2. when trained separately:
Step 1: Train the model using visual features only Step 2: Train the mapping g(class) using the prototypes you get with the model from Step 1 as training data, i.e. the task would be to predict the prototypes, rather than solve the few-shot classification task itself. Step 3: Train the full model, using the models from step 1 and step 2 to initialize the parameters of the visual part and the text part respectively.
the experiment is running...
update 20200709. Details: Step 1: train a previous protoNet. Step 2: the mapping network g() (fc -> normalization -> ReLU -> fc), finally get a text vector which dimensionality is the same as visual vector’s. Also in a 5-way 5-shot setting, we can get 5 visual prototypes (v1, v2, …, v5). Then we also get 5 text vectors from g() and original vectors from BERT (t1, t2, ..., t5). Then we want the visual and text vector belong to the same class as similar as possible. There are two ways to measure similarity: 1)Euclidean distance; 2) cosine similarity.
Problem: when using Euclidean distance, the model can not converge. The reason maybe the different feature space, so directly applying Euclidean may cause confuse problems for the model. Therefore, Step 2 is trained by cosine similarity. Step 3: This step is trained in a common 5-way 5-shot setting just like step 1. More concretely, we can get 5 visual prototype (v1, v2, …, v5), also 5 text “prototype” (t1, t2, …, t5). Given a query image, we get corresponding visual feature I, then we calculate the similarity in this way: Euclidean_distance(I, vi) + lambda * cosine_similarity(I, ti) (i = 1, 2, …,5)
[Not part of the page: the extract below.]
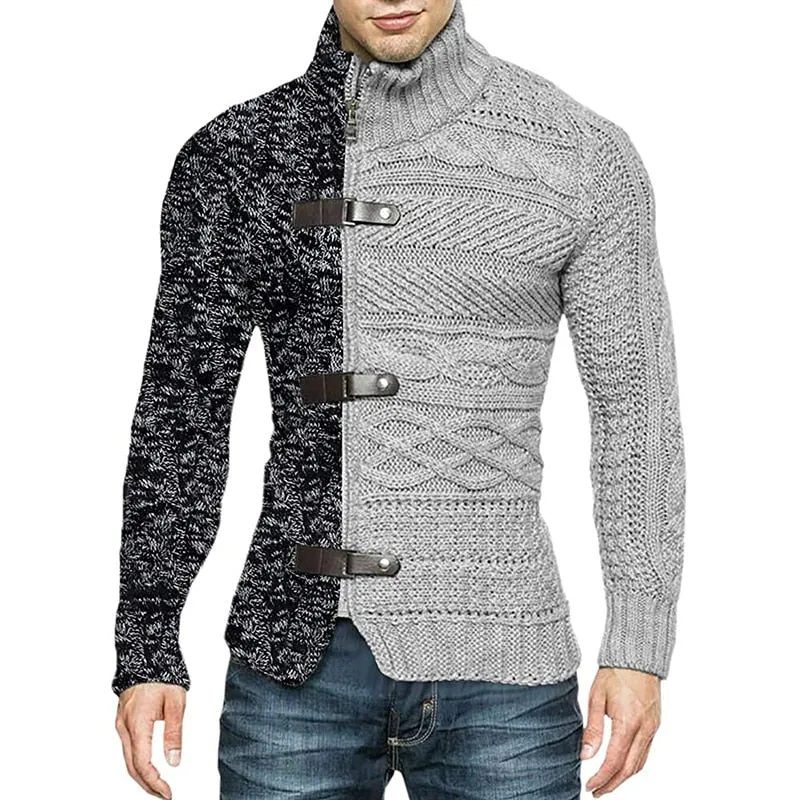 Turtleneck Cardigan Sweater | Popular Male Apparel and Accessories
Also try Euclidean_distance(I, vi) + lambda * Euclidean_distance(I, ti), but only get 51.53% accuracy, it can not be more worse!

method backbone lambda iterations (lr)(lr_decay) 5-way 5-shot
ProtoNet_sepately ResNet_10 1 60000(0.0001) 75.38% +- 0.63%
ProtoNet_sepately ResNet_10 10 60000(0.0001) 74.80% +- 0.65%
ProtoNet_sepately ResNet_10 5 60000(0.0001) 76.30% +- 0.76%
ProtoNet_sepately ResNet_10 5 (30000, 60000)(0.0005)(0.2) 76.38% +- 0.61%
ProtoNet_sepately ResNet_10 5 (20000, 40000, 60000)(0.0005)(0.2) 75.68% +- 0.63% .

In my opinion, just according to results, it's enough for us to say, we have achieved the best results among metric-based methods.